Le corde sono un’implementazione di stringa scalabile: sono progettate per operazioni efficienti che coinvolgono la stringa nel suo complesso. Operazioni quali assegnazione, concatenazione e sottostringa richiedono un tempo quasi indipendente dalla lunghezza della stringa. A differenza delle stringhe C, le corde sono una rappresentazione ragionevole per stringhe molto lunghe come buffer di modifica o messaggi di posta.

Vantaggi :

  1. Operazioni di concatenazione e sottostringa molto più veloci con stringhe lunghe. L’inserimento di un personaggio nel mezzo di una corda da 10 megabyte dovrebbe assumere l’ordine di 10 secondi di microsecondi, anche se viene mantenuta una copia dell’originale, ad esempio come parte di una cronologia di modifica. Al contrario, ciò richiederebbe l’ordine di un secondo per la rappresentazione di stringa “piatta” convenzionale. Il tempo richiesto per la concatenazione può essere considerato costante per la maggior parte delle applicazioni. È perfettamente ragionevole usare una corda come rappresentazione di un file all’interno di un editor di testo.

  2. Prestazioni spaziali potenzialmente migliori. Le modifiche minori di una corda possono condividere la memoria con l’originale. I cavi vengono allocati in piccoli blocchi, riducendo in modo significativo i problemi di frammentazione della memoria introdotti da blocchi di grandi dimensioni

  3. L’assegnazione è semplicemente un’assegnazione del puntatore (eventualmente conteggiata conteggiata). A differenza delle implementazioni copy-on-write conteggiate di riferimento, ciò rimane ampiamente vero anche se una delle copie viene successivamente leggermente modificata. È molto economico controllare le vecchie versioni di una stringa, ad esempio in una cronologia delle modifiche.

  4. È ansible visualizzare una funzione che produce caratteri come una corda. Quindi un pezzo di corda può essere un file di 100MByte, che viene letto solo quando viene esaminata quella sezione della stringa. La concatenazione di una stringa alla fine di tale file non implica la lettura del file. (Attualmente l’implementazione di questa funzione è incompleta.)
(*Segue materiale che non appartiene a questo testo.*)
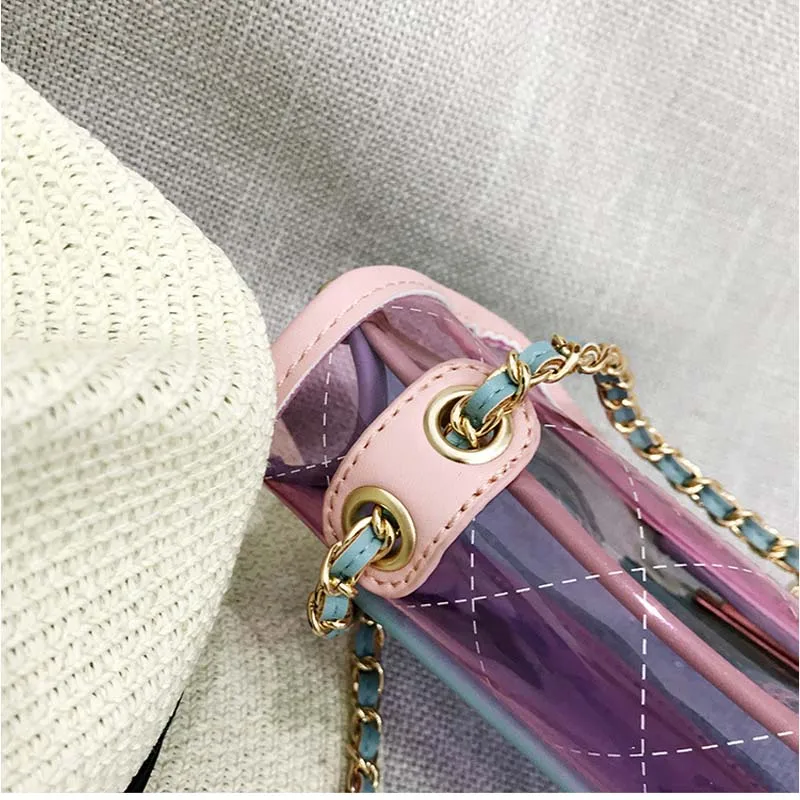 

New Fashion Transparent Women Shoulders Bag PVC Hasp Soft Pink Crossbody Handbag Solid Single Strap Mini Messenger Bags Travel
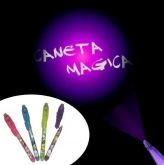Caneta Mágica Com Tinta Invisível E Luz Negra Ultra Violeta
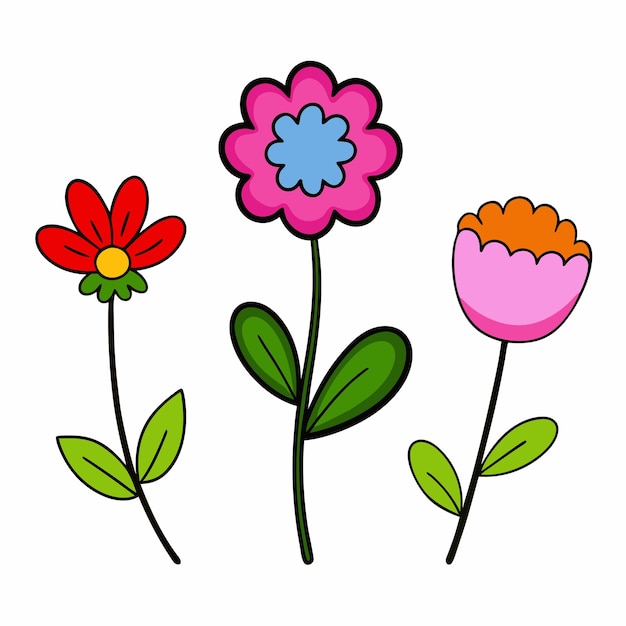 Vector collection of cartoon flower in doodle style on white background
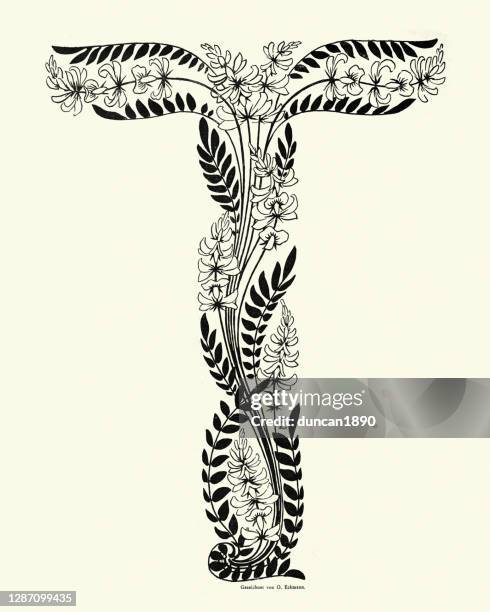 floral pattern design in the shape of a capital letter t - t stock illustrations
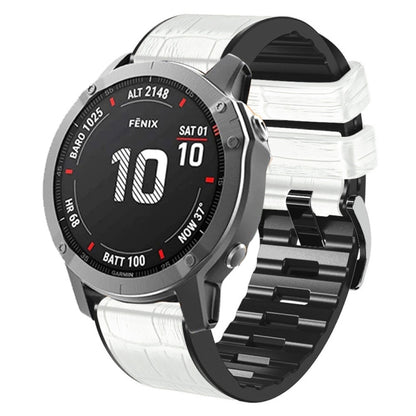 Bracelet de montre en cuir de silicone à texture crocodile, For Garmin Fenix 7/6 Pro/5 Plus 22mm, For Garmin Fenix 7X/6X Pro/Tactix 7 26mm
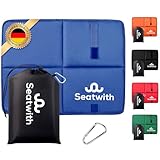 Seatwith® Gedächtnisschaum - Wärme und extremen Komfort mit Wetterfest (45x35cm) - Thermo Faltbar für Camping, Stadion und Wandern (Blau)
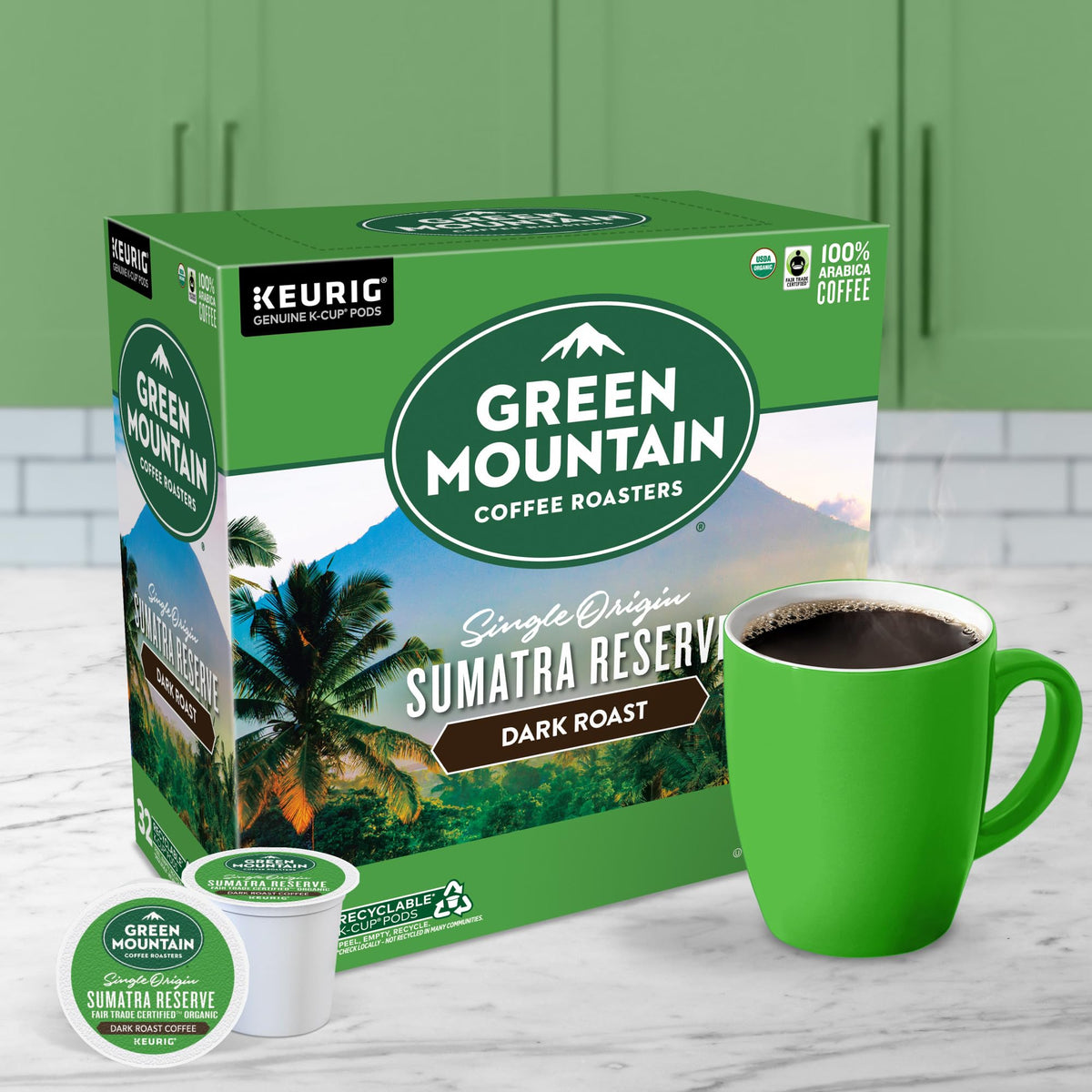 Steaming cup of Sumatra Reserve fills the room with aroma.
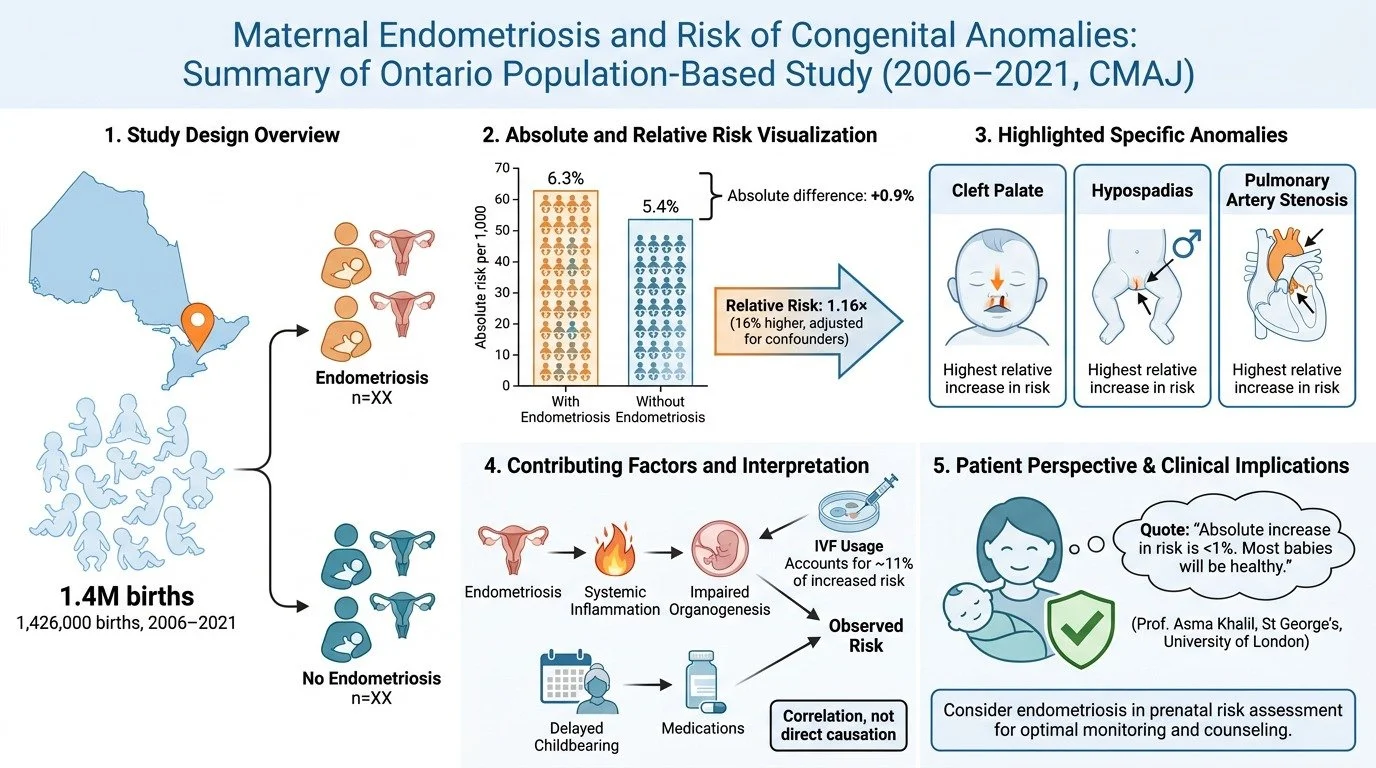 A detailed infographic summarizing a study on maternal endometriosis and the risk of congenital anomalies in Ontario from 2006 to 2021. It includes sections on study design, risk visualization, specific anomalies like cleft palate, hypospadias, and p
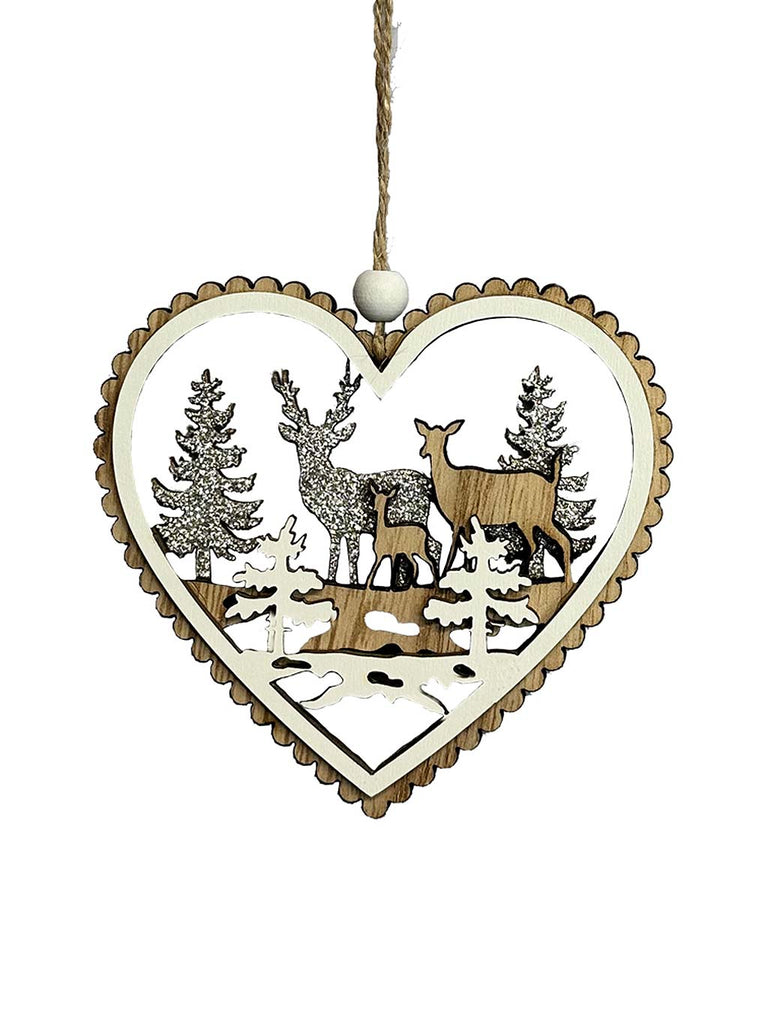 10cm Wooden Heart Hanger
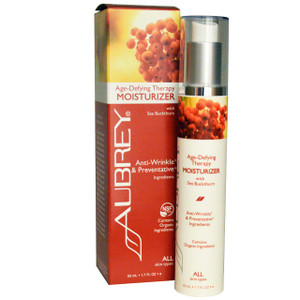 Aubrey Organics, Age-Defying Therapy Moisturizer, All Skin Types, 1.7 fl oz (50 ml)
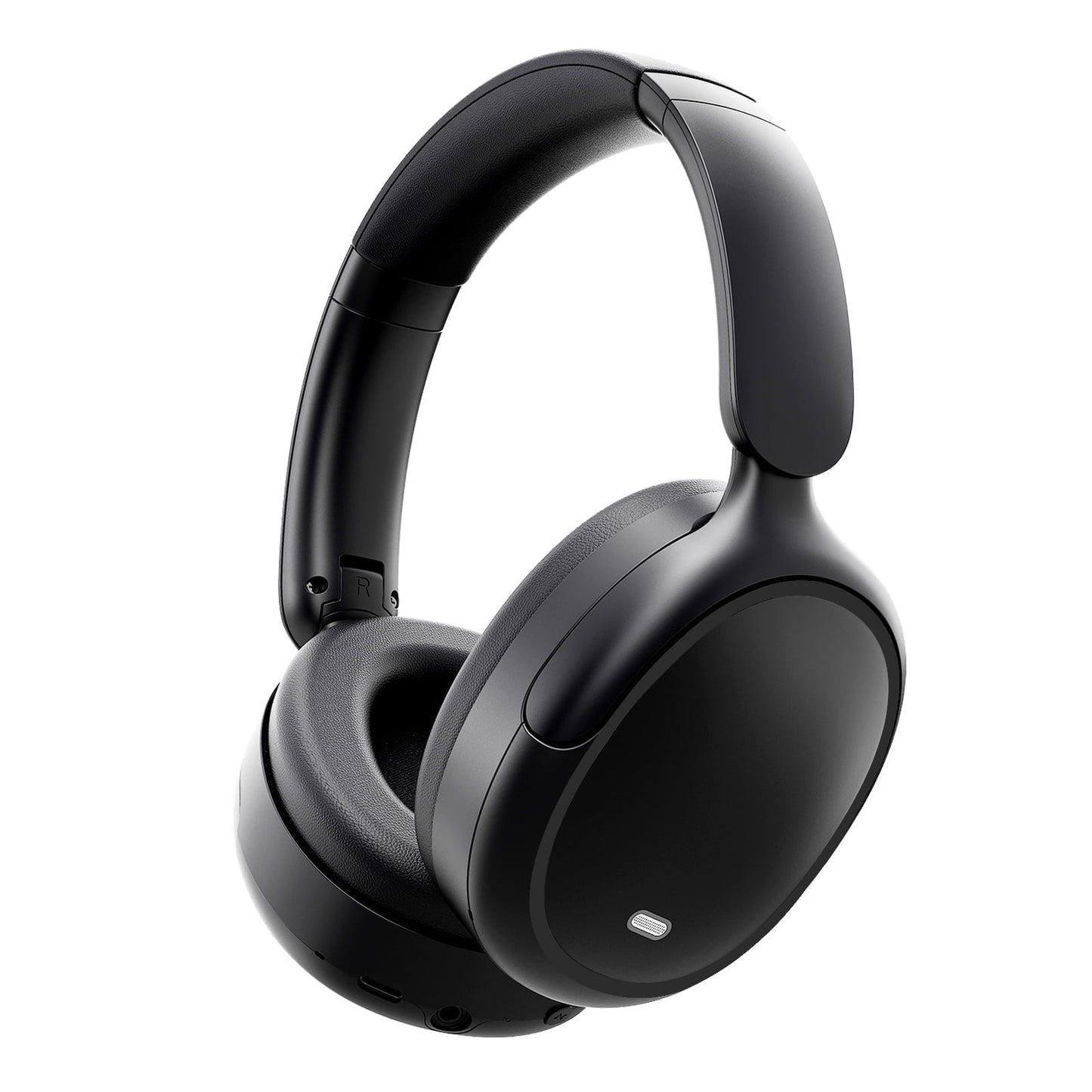 Hybrid Active Noise Cancelling -45dB, Bluetooth Headphones 5.4, 50H Playtime Earbuds, Clear Call with 4 Mics, Bass Boosted by 90%, Comfort Fit Over Ear Headphones for Travel Home Office PC Black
https://wayback.archive.org/web/20130102093702/https://www.sgi.com/tech/stl/Rope.html

È un’alternativa non standard alla string che gestisce le dimensioni dei dati di grandi dimensioni. Vedi qui per come funziona.

L’unica cosa negativa con le corde è il filo e l’abuso.

Sotto Linux (e probabilmente la maggior parte degli altri SO) si dice che il codice di sicurezza del thread è ciò che rende le corde molto più lente. Quindi ho appena strappato quel codice (imposta un def compilatore per thread-off ), perché sto usando un singolo thread in una piattaforma embedded.

In caso contrario, le corde sono molto più veloci delle stringhe, hanno meno probabilità di uscire dalla memoria su buffer di grandi dimensioni e sono molto più veloci per le modifiche di buffer di grandi dimensioni; Come rimuovere un personaggio cattivo nel mezzo della Bibbia.

Ciò è dovuto al modo in cui una corda viene interpretata come dati. Come un sacco di “stringhe” più piccole, incatenate insieme tramite una lista collegata per produrre la stringa finale.

Non lo userei affatto, ma è perché sono un po ‘un maniaco della “portabilità facile”, e tendono a usare solo contenitori standard. La corda fa parte dell’implementazione STL di SGI e non fa parte dello standard C ++.

C’è molta enfasi qui sulle stringhe composte da personaggi, ma la corda è semplicemente una sequenza 1D con inserimenti e cancellazioni veloci (ovunque all’interno della sequenza).

Sembra un po ‘sorprendente che una tale capacità di base sia raramente richiesta per qualsiasi cosa (diversa dalle stringhe). Dove dovrei usare una corda di numeri interi? Non lo so, perché manipolarlo richiede che gli indici vengano da qualche parte.

Il miglior esempio realistico del mondo reale sarebbe dove sto facendo un’interfaccia utente per consentire all’utente di visualizzare un set di dati composto da migliaia di immagini, e l’utente deve essere in grado di eliminarne alcune e riorganizzare l’ordine degli altri.